The Arrowverse television shows may have small budgets and built around classic CW drama, but what it lacks in cinematic and bombastic presentation, it more than makes up for by wearing its heart on it sleeve. The love and respect that (most) of the characters receive in the Arrowverse have led to its popularity, unabashed to represent its comic book source material for what it is, whether it be beyond cheesy or as dark as the lighting in Game of Thrones.
The steps that the Arrowverse has taken have led the way for both the DCEU and the MCU, whether it be the construction of appropriate tones for the respective character, or pushing the limits for what a mainstream crossover can be.
7. Slow Build Of Characters
The Arrowverse wasn't always the pantheon of heroes and TV shows that it is today. In the ancient world of 2012, there was only one show by the name of Arrow. The show was dark and gritty and very much isolated within itself, until half way through the second season, where Barry Allen guest starred. Throughout this season, Arrow also implemented an Arc Motif whereby TV presenters or side characters would mention Central City's Particle Accelerator. These hints and build towards the Flash series created a smooth transition that made the world building feel organic.
The Arrowverse then took another break, letting the Flash's first season some space to evolve and fully integrate, before introducing the Legends of Tomorrow - a team of the latter's side characters.
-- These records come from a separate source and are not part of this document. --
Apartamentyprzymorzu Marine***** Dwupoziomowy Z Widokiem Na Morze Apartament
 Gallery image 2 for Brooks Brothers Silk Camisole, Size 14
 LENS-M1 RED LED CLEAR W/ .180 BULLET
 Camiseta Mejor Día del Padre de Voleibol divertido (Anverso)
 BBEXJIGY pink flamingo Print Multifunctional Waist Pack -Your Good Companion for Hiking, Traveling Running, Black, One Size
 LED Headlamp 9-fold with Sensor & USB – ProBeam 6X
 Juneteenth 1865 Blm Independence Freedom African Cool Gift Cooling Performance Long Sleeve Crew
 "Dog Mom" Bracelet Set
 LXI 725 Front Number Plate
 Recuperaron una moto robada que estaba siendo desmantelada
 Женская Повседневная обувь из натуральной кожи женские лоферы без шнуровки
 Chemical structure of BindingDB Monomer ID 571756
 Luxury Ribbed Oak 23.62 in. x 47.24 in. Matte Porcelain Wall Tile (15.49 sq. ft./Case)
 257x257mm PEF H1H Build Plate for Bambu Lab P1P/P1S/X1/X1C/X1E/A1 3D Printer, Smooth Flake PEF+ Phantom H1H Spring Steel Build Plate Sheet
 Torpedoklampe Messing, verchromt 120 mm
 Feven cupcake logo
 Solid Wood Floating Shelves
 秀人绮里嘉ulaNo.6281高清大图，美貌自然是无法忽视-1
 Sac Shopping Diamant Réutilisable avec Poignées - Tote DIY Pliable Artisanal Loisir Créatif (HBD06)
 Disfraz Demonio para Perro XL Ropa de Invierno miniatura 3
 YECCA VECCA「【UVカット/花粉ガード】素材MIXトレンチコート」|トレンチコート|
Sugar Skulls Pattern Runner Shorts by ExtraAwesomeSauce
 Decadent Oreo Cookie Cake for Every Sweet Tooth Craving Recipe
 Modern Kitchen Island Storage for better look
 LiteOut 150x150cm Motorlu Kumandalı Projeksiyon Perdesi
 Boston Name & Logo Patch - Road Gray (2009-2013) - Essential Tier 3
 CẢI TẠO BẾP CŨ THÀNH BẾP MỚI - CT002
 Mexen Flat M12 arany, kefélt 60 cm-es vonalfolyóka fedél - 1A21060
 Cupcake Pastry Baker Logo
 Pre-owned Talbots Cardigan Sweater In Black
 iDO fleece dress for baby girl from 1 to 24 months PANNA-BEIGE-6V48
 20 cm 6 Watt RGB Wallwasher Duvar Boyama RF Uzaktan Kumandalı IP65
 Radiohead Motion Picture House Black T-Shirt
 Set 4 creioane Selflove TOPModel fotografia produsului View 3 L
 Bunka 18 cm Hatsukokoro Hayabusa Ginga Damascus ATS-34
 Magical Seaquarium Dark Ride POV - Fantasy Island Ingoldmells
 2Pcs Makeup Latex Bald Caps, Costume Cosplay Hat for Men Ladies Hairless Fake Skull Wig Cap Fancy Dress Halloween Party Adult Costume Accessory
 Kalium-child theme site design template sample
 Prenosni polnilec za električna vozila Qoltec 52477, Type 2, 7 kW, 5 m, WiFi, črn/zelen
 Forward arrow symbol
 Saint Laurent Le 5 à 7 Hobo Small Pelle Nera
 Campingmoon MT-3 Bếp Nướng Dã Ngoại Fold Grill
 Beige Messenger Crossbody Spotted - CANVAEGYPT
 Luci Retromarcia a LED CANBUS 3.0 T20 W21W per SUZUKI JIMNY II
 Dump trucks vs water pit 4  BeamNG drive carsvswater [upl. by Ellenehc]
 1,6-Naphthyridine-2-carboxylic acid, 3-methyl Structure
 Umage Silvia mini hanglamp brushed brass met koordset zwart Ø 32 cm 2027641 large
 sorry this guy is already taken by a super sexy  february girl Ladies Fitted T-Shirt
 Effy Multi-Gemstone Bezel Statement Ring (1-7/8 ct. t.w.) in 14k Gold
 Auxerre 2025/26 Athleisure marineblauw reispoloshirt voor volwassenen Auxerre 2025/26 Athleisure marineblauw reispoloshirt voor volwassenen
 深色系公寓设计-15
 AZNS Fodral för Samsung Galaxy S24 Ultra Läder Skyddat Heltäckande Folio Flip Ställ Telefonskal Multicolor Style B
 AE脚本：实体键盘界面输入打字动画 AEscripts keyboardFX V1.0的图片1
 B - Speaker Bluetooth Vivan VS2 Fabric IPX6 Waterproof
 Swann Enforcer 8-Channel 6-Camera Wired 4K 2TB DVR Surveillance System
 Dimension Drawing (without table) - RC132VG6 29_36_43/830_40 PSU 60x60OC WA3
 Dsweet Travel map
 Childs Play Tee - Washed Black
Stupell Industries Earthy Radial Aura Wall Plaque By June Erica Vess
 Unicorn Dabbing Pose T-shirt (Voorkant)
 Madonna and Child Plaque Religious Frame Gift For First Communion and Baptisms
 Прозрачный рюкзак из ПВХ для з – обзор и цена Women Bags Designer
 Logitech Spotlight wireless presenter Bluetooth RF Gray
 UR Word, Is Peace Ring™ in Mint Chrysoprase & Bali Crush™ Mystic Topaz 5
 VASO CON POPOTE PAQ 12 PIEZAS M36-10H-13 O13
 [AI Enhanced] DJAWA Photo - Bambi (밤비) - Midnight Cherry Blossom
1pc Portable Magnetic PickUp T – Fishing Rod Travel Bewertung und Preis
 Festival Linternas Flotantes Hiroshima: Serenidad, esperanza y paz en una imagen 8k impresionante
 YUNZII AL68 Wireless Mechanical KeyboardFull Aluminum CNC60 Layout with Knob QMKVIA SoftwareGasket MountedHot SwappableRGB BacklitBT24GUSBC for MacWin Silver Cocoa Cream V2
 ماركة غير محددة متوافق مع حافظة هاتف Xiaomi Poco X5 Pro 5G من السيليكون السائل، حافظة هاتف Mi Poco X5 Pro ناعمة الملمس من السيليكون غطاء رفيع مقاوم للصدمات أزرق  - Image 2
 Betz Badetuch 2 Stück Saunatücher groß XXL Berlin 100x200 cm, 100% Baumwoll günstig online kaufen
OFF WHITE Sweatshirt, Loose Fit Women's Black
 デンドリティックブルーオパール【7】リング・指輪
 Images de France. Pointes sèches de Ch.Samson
Supergirl also began in the same year, which was a happy accident for the CW after CBS passed on a second season.
This slow build of characters fleshed out the Arrowverse in ways that the DCEU hasn't yet. Introducing a whole Justice League before you can meet them individually takes away from their interactions with one another. Sure, some of these encounters in Justice League were fun, but it's hard to know who the characters are when you haven't seen how they operate individually.